O documento O Projeto de Navegação da Hidrovia Paraguai-Paraná: relatório de uma Análise Independente, de julho de 1997, já denunciava falhas nos primeiros projetos de implantação da hidrovia, que são, em grande medida, as mesmas falhas apontadas no processo de discussão atual. Essas falhas incluem uma precária análise dos impactos socioeconômicos e culturais sobre as comunidades da região, a ausência de uma análise integrada de impactos ambientais, o subdimensionamento das áreas de influência do empreendimento, o risco de invasão biológica e outros danos potenciais ao Pantanal, com avaliação precária ou inexistente nos relatórios ambientais. Quase três décadas depois, os interesses do agronegócio, as ameaças e o conflito ambiental continuam os mesmos, mas o Pantanal não.
Apesar de ser um bioma de grande diversidade, o Pantanal já conta com 16,5% de sua área desmatada e foi duramente afetado por grandes incêndios florestais entre os anos de 2019 e 2021. Apenas em 2020 foram 2,1 milhões de hectares queimados, ou 40% da sua superfície atingida pelo fogo. Pesquisadores estimaram a morte de aproximadamente 17 milhões de vertebrados durante a temporada de fogo de 2020. Os incêndios são reflexo de uma das mais severas secas dos últimos anos, que deixou o rio Paraguai sem condições de navegação.
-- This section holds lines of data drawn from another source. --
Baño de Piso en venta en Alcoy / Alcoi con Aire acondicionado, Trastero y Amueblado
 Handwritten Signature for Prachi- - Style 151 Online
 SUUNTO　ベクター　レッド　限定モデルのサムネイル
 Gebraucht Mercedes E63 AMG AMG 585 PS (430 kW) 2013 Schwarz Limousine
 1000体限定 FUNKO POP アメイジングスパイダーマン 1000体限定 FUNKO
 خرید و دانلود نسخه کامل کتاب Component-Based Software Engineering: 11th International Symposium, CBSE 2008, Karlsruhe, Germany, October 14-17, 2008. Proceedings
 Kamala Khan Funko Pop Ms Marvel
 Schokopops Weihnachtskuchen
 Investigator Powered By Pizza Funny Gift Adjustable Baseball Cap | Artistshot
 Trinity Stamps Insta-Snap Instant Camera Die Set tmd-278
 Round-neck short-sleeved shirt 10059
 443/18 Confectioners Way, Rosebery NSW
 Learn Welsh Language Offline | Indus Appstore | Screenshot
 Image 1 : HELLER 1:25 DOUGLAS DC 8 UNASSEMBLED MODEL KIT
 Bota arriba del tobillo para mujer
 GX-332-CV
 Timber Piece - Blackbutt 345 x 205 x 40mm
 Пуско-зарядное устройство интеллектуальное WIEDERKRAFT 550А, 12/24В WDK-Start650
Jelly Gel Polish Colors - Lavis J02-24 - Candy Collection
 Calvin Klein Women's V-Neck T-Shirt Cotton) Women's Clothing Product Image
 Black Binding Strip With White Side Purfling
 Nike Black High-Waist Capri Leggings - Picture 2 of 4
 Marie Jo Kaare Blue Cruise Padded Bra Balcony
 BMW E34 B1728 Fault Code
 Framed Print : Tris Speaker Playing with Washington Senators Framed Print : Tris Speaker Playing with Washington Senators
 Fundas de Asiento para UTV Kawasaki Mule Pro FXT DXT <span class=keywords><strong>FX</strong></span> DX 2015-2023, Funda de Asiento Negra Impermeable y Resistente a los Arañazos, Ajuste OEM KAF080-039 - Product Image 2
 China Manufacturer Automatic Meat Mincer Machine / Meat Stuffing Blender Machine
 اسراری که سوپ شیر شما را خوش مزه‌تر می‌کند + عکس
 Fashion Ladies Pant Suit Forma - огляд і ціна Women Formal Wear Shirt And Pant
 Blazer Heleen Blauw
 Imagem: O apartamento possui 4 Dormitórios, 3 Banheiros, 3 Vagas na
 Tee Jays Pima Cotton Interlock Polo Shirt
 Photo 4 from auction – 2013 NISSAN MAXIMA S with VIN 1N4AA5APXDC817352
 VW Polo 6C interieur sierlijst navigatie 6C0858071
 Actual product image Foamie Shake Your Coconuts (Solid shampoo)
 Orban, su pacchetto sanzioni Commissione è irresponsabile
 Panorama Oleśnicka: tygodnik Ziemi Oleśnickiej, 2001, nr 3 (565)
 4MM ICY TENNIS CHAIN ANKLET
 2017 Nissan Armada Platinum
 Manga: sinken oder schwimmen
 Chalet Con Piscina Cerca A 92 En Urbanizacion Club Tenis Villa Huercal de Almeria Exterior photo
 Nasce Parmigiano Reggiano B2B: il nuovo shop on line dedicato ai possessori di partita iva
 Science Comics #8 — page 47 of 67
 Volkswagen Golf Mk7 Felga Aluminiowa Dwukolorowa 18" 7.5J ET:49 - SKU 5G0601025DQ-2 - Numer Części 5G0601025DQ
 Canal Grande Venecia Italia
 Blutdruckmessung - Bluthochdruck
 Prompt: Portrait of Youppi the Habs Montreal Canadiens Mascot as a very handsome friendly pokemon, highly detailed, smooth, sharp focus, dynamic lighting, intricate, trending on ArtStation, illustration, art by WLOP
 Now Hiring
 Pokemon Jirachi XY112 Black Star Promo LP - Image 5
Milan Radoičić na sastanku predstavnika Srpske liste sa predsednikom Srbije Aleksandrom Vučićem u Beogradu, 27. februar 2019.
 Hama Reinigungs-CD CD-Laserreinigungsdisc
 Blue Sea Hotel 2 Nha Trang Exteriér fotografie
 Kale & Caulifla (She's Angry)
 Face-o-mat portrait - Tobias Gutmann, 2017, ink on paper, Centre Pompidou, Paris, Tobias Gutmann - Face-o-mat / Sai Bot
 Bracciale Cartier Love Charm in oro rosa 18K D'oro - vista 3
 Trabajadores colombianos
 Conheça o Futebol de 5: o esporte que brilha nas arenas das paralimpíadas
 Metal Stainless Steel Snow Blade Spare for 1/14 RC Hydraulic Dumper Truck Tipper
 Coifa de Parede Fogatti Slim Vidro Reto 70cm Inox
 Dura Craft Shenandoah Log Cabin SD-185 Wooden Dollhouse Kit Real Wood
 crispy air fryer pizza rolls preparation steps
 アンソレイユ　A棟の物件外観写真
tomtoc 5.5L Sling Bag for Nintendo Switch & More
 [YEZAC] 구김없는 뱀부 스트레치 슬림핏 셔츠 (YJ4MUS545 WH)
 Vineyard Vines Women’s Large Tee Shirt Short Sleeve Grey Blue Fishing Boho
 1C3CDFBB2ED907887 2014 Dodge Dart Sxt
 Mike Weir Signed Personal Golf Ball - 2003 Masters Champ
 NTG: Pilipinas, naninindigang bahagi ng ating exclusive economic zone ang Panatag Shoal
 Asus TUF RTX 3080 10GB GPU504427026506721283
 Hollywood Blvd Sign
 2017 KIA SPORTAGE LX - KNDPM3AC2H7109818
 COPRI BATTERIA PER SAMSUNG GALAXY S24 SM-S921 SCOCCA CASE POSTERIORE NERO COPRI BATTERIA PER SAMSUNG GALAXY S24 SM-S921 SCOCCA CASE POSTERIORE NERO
Tal situação é ainda mais agravada para o bioma quando se leva em consideração o fato de que grande parte dos rios que formam o Pantanal estão ameaçados pelo uso intensivo dos solos com a agricultura tecnificada e pela construção de barragens.
Se no passado, a pata do boi dominou economicamente a planície, agora é a soja, suas barcaças e seus empurradores que ameaçam tomar conta deste espaço, fazendo do bioma, que é reconhecido refúgio de biodiversidade e território cultural diverso, tornarse alvo da sanha dos grandes grupos capitalistas de commodities agrícolas, vislumbrando a transformação do rio Paraguai em via expressa de navegação industrial, desprezando a riqueza e complexidade do bioma. O tramo norte do rio Paraguai é onde se concentram as maiores áreas alagáveis e permanentemente inundadas do Pantanal Mato-grossense, uma veia pulsante formadora e reguladora da vida no bioma, refúgio alimentar e reprodutivo de peixes da Bacia do Alto Paraguai, mantenedores da diversidade de espécies do Pantanal.
A liberação do Terminal de Uso Privado Barranco Vermelho e a concessão da licença prévia, com todas as falhas de procedimentos e ausência de informações apontadas pelo relator no CONSEMA de Mato Grosso é uma ameaça ao bioma. É tempo de cancelar a concessão de licença prévia do Terminal de Uso Privado Barranco Vermelho e avaliar os impactos da navegação da Hidrovia Paraguai-Paraná na Bacia do Alto Paraguai como um todo, incluindo toda a BAP e os empreendimentos associados. Se Barranco Vermelho é um porto que não o é, a licença que o autoriza é um simulacro de decisão e como tal deve ser cassada. Pelo Pantanal, pelos Povos Pantaneiros.
Cuiabá-MT, 04 de fevereiro de 2022.
Secretaria de Meio Ambiente e Desenvolvimento do Partido dos Trabalhadores de Mato Grosso (SMAD).